Exercise data:
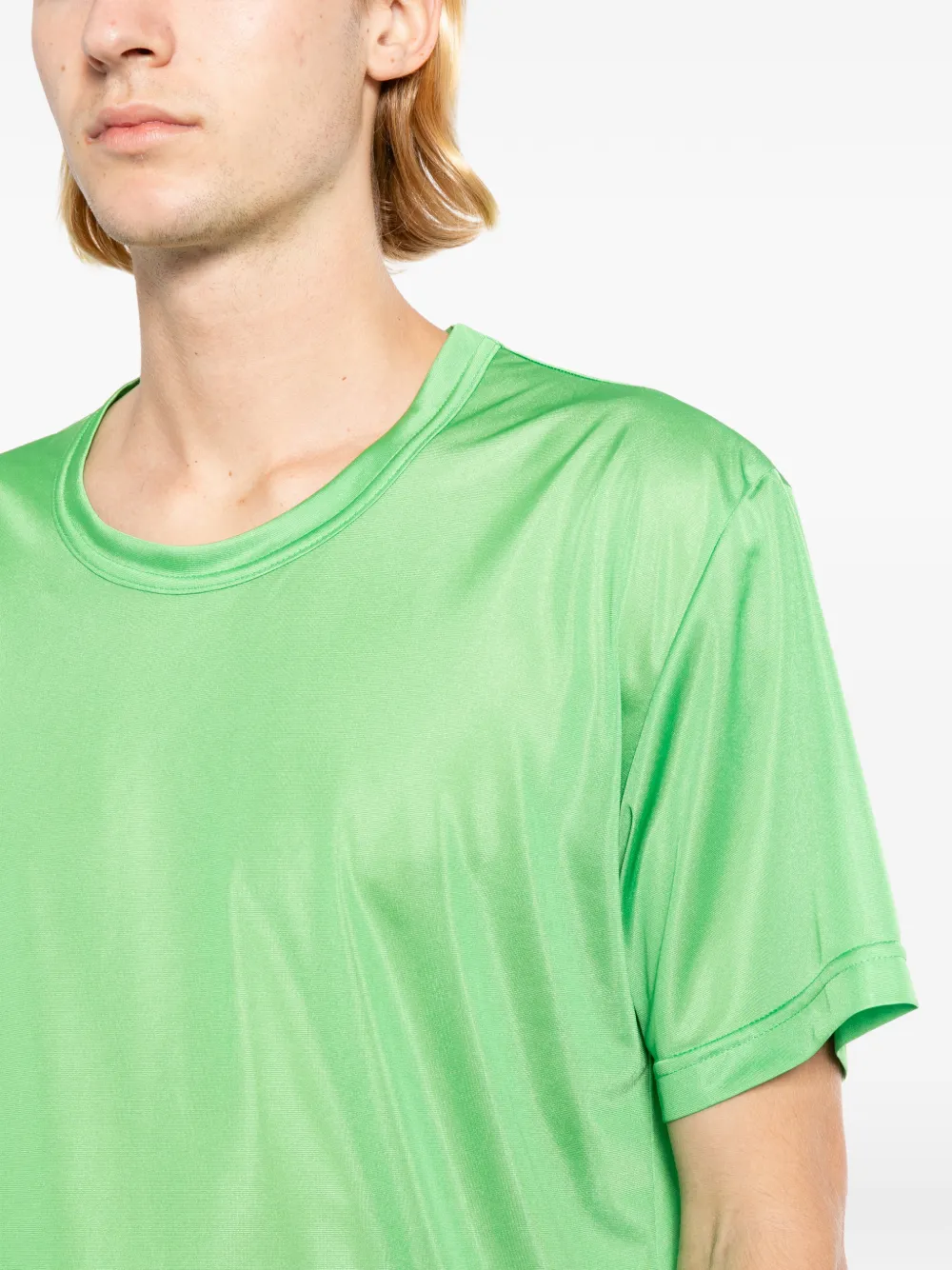 Comme des Garçons Homme Plus Doorzichtig T-shirt Groen
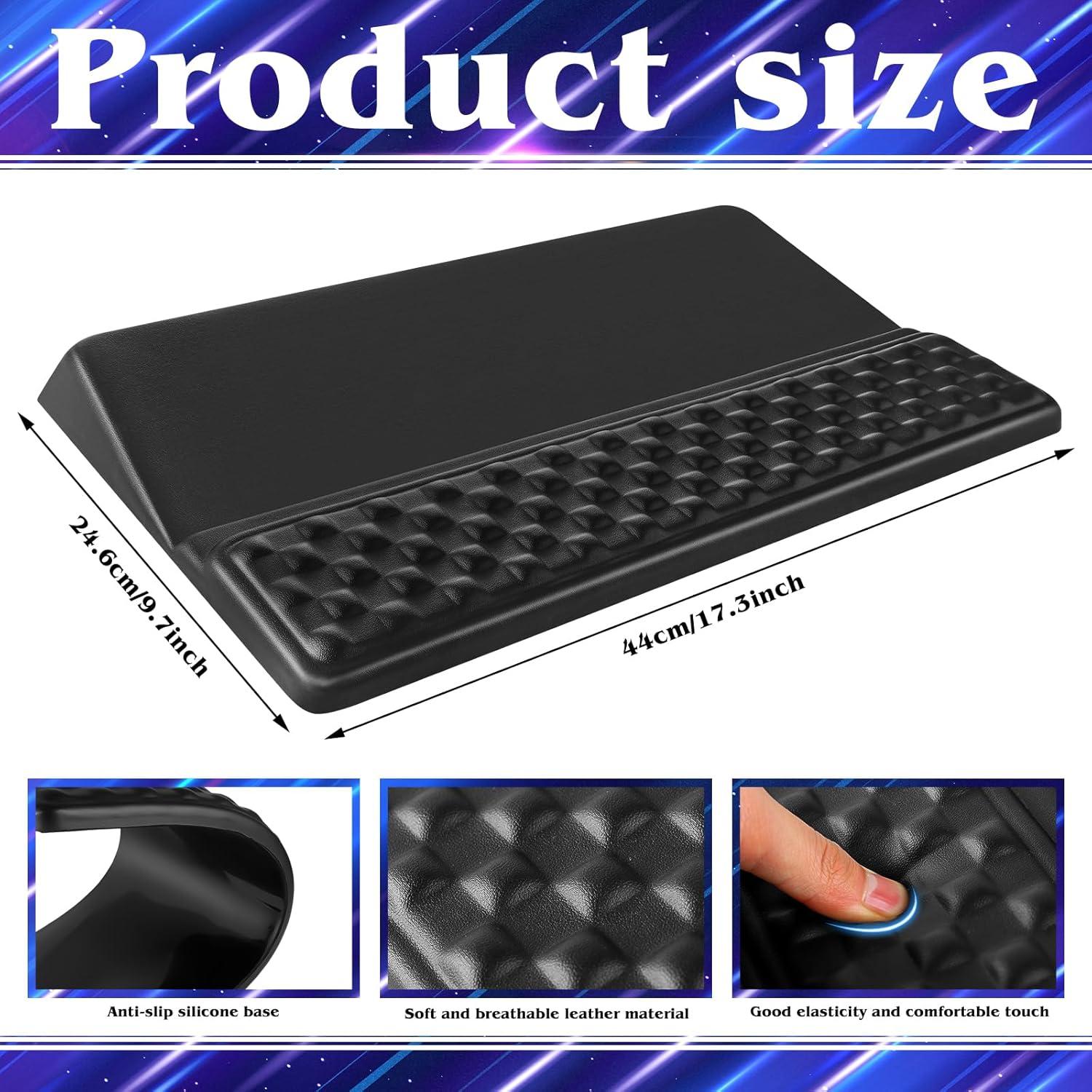 Soporte Ergonómico para Teclado VAIPI con Reposamuñecas - Negro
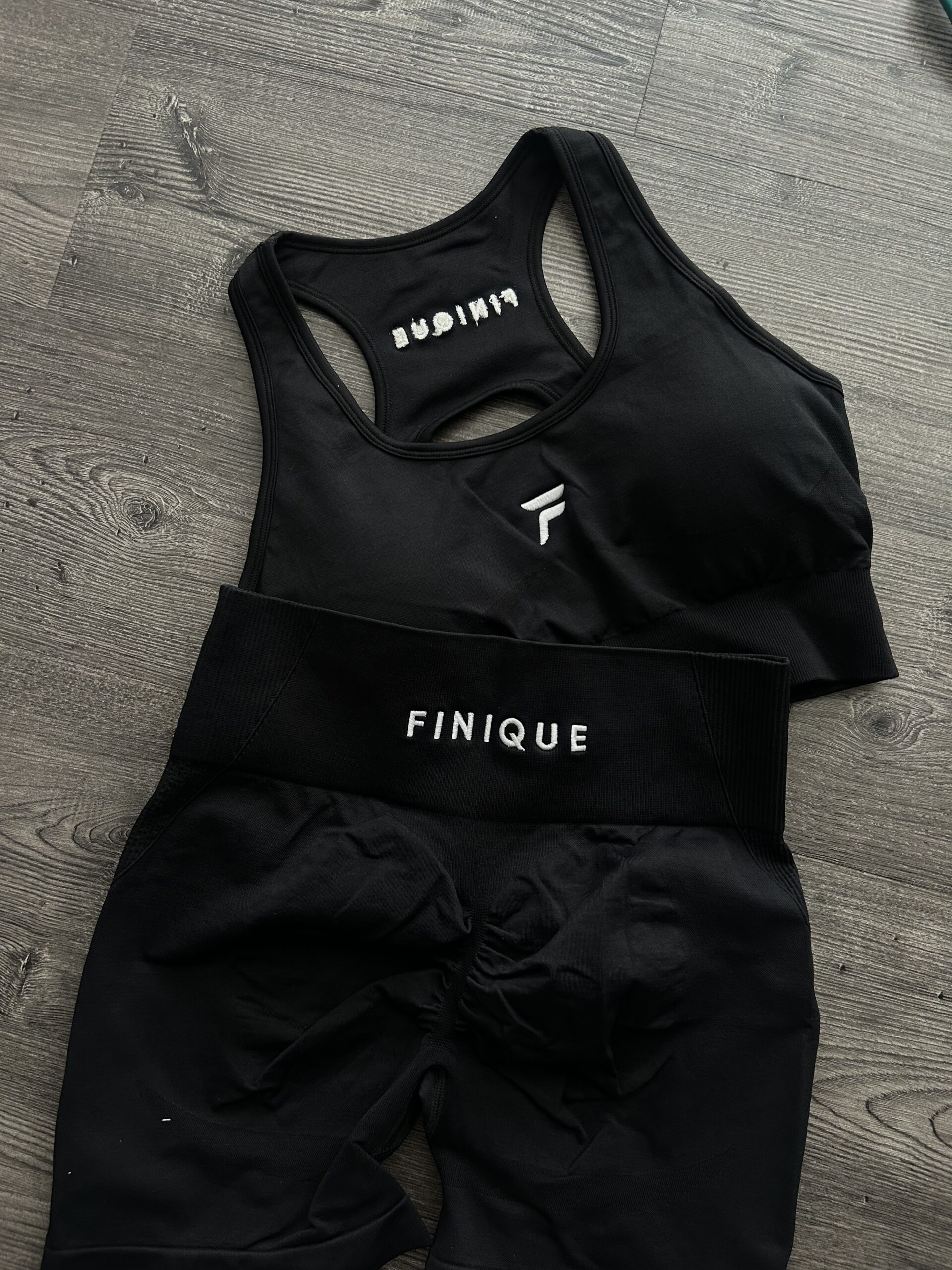 Flex Sculpt – Short Open Back Set Black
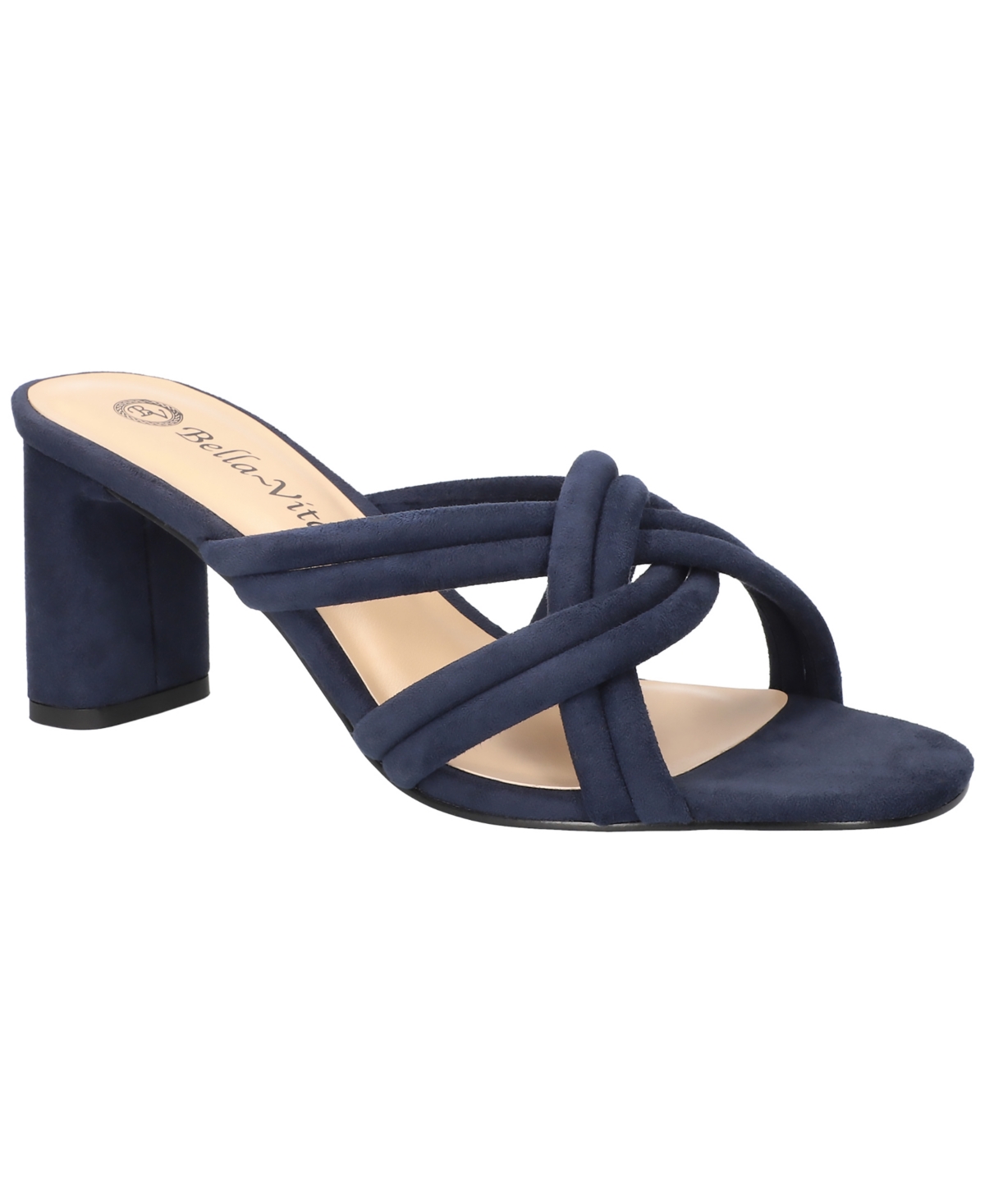 Bella Vita Carmen Slide Sandal In Blue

Exercise directions:
Any picture in the material is to be dropped; the rest is repeated exactly.

Finished exercise:
 Comme des Garçons Homme Plus Doorzichtig T-shirt Groen
 Soporte Ergonómico para Teclado VAIPI con Reposamuñecas - Negro
 Flex Sculpt – Short Open Back Set Black
 Bella Vita Carmen Slide Sandal In Blue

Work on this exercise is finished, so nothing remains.